I also got my tires slashed. I’m not sure who…but now I can change a tire in under 10 minutes and I’m gonna learn how to change brake pads. Ever since I’ve had nightmares of two different things. One that I’ll get another flat tire, and the other having to do with being out at Depauw. As of now no one at Depauw knows I’m #teampenis but I was totally planning on it but a few things have made me hesitant. For one I’m going to be rooming with two other swimmers that I’m afraid I might weird out. Not that I’m super flamboyant about my sexual preference it’s a concern. Also I’ve found Depauw isn’t necessarily a gay paradise. My blog friend Sam who heard from a twitter follower about a article that makes me a bit nervous. In a way I feel I won’t be dressing up as a drag queen so I won’t encounter as harsh reactions but what if I do? I’m not worrying too much about this but another thing about this article and situation. I think that if I am out at Depauw I’ll try actively to put a good face to the gay stereotype…hopefully.

Today and tomorrow is a ultimate frisbee tournament and I played for about 5 hours with no breaks because we were low on subs so I’m sore as fuck. Thus why I’m writing a post in bed in my boxers on a Friday night. I sure am a wild kid ;)

Lastly I want to share some music that I’m really digging:

3LAU is the best DJ out there

Set fire

Also James Blunt is fantastic even though this is old

Pride

It’s been almost 10 months since I first came out and I have to say I have grown so much more comfortable with my sexual orientation. Even though it’s still a rather controversial thing to be gay I’m so lucky to have been blessed with family and friends who care and love me whether I like penises or vaginas. This isn’t to say I’ve changed who I am outwardly but I have come to know who and what I am and I’m becoming comfortable with it. So much so that I am 98% sure I want to attend MNPride this summer. I think theirs a parade and general festival so I think it would be pretty sweet to go check it out with a friend or two. What do you guys know about Pride festivals? Worth it? What should I expect?

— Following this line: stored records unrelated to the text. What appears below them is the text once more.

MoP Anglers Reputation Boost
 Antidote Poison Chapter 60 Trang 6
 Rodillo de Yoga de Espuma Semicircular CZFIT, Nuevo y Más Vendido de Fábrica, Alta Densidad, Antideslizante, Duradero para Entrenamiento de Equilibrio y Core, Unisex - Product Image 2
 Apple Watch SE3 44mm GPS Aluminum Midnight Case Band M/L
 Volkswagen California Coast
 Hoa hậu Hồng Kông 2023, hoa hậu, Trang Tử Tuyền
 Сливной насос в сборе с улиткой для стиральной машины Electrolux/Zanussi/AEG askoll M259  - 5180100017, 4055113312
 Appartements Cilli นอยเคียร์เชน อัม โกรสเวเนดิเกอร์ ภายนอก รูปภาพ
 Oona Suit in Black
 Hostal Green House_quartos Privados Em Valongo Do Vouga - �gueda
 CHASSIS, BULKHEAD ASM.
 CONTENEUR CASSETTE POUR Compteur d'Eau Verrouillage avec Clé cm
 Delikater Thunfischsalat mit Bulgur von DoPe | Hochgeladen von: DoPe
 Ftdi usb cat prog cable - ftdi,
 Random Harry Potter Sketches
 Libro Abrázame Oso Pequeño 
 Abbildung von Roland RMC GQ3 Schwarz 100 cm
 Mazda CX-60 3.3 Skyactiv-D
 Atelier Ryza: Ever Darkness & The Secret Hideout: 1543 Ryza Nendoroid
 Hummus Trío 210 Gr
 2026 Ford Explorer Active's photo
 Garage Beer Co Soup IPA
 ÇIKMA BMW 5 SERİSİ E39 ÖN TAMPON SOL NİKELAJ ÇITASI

Quick note as well: Follow me on twitter!! I tweet so much more now so it’s kind of worth following.

 

Back at it

Long time no write. Hope y’all missed me like I missed your comments and stuff. At first I didn’t want to keep at the blog because it reminds me of a lot of happy things that are long dead and gone. And I’m not looking back at my past which hasn’t been very good the past 2 months or so. Fuck the past, it’s not coming back.

Recently I visited Depauw University this weekend and had an absolute blast! Fell in love with the campus, the students, and just the whole vibe the school was giving off. SO, I committed last night! I am beyond excited to go to college meet new people and have the time of my life! I might even join a frat there! I never in a million years thought I’d be frat material but the way the campus is set up its cheaper to join a frat for the food because there are no dining halls and such. But who doesn’t like the idea of being in a frat with a bunch of hot guys? Also, with my current times I’m very competitive at getting a spot on the swim team which is really fantastic! The Depauw swim team is one of the best D3 schools in the nation and we have a really tough conference.

Swimming, Frats, New way of thinking thats whats been on my mind recently. I plan on keeping at posting frequently again I miss it and writing out all my mundane thoughts on the blog definitely helps me relax.

Spread the news: I’m Back

 

Young

Damaged. Ripped to pieces. Naive. Young.

Ever since “Duke” took a break from our relationship I felt damaged. I couldn’t get him out of my mind, hoping that I could prepare myself for the worst. I tried everything to get my life back on track, to find my individuality – to prove to Duke that I was something worth missing and to restore some of my own self-worth that was torn apart the day after our “six month” mark.

This didn’t work. I neither got the love of my life or restored any inkling of self-worth. I figured that maybe I would just circle in this holdingpattern, and could eventually attain one of these two goals.

That brings me to part 2: last night. By accident, I began a conversation with “Duke’s” new boyfriend. They had been dating for two weeks -he broke up with me three weeks ago. It’s fair to say that this new information shook my world. I felt so many emotions last night: anger, jealousy, love, betrayal, despair, loneliness – the list goes on.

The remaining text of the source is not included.